The Need for Reparations for 3,039 Victims Killed, Reconstruction of Vital Facilities, and Establishment of a Democratically Elected Civilian Body to Begin


BY: Spokesman for the US-led coalition against ISIS, Wayne Marotto

Press release:
(Link below to download full report)
In its latest report released today to mark the sixth anniversary of the US-led coalition intervention against ISIS, the Syrian Network for Human Rights (SNHR) calls for the start of reparations for 3,039 victims killed, reconstruction of vital facilities, and establishment of a democratically elected civilian body.
The 13-page report notes that although the painful strikes launched by the US-led coalition doubtlessly contributed to stopping the expansion of ISIS, and then to ensuring its decline, until it was confined to very small outposts, this success was accompanied by material, human and political losses, with the report calling for crowning this military victory with a political victory by starting to establish a local body representing all the groups within Syrian society and introducing reparations for victims, as well as launching reconstruction in areas where ISIS had been vanquished.

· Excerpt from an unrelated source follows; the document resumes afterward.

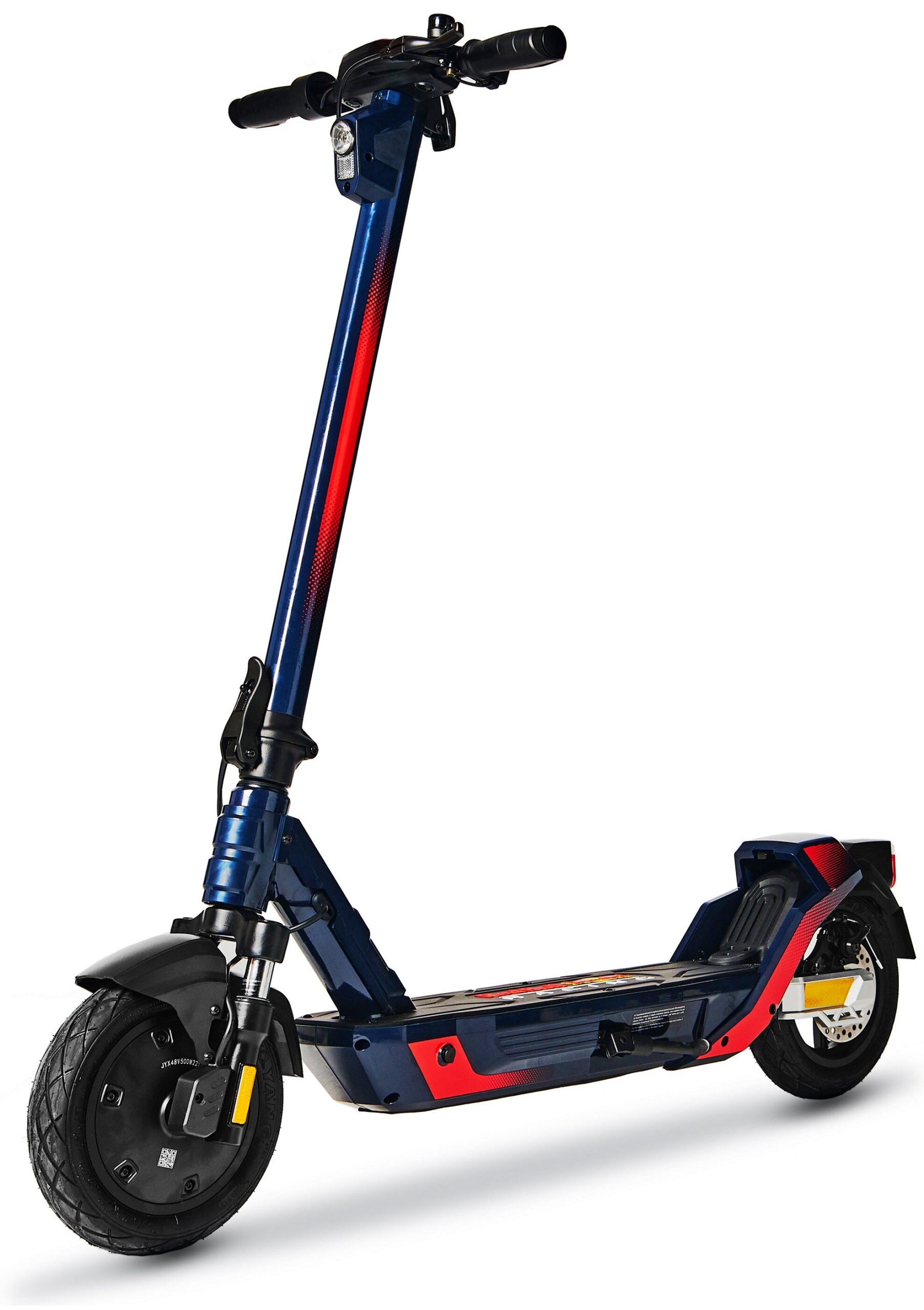 red bull ten turbo 1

The report documents the deaths of 3,039 civilians, including 924 children and 656 women (adult female), at the hands of US-led coalition forces since the start of the US-led coalition’s military intervention on September 23, 2014, until September 23, 2020. The report includes the distribution of the death toll according to the years of intervention, with the third and fourth years witnessing the highest death toll. The report also reveals that the US-led coalition’s tactics in dealing with ISIS have changed over the years, noting that since the end of 2016, US-led coalition attacks have become more indiscriminate, with this period accounting for nearly 79% of the death toll among the victims whose deaths the report documented at the hands of the US-led coalition forces in the past six years.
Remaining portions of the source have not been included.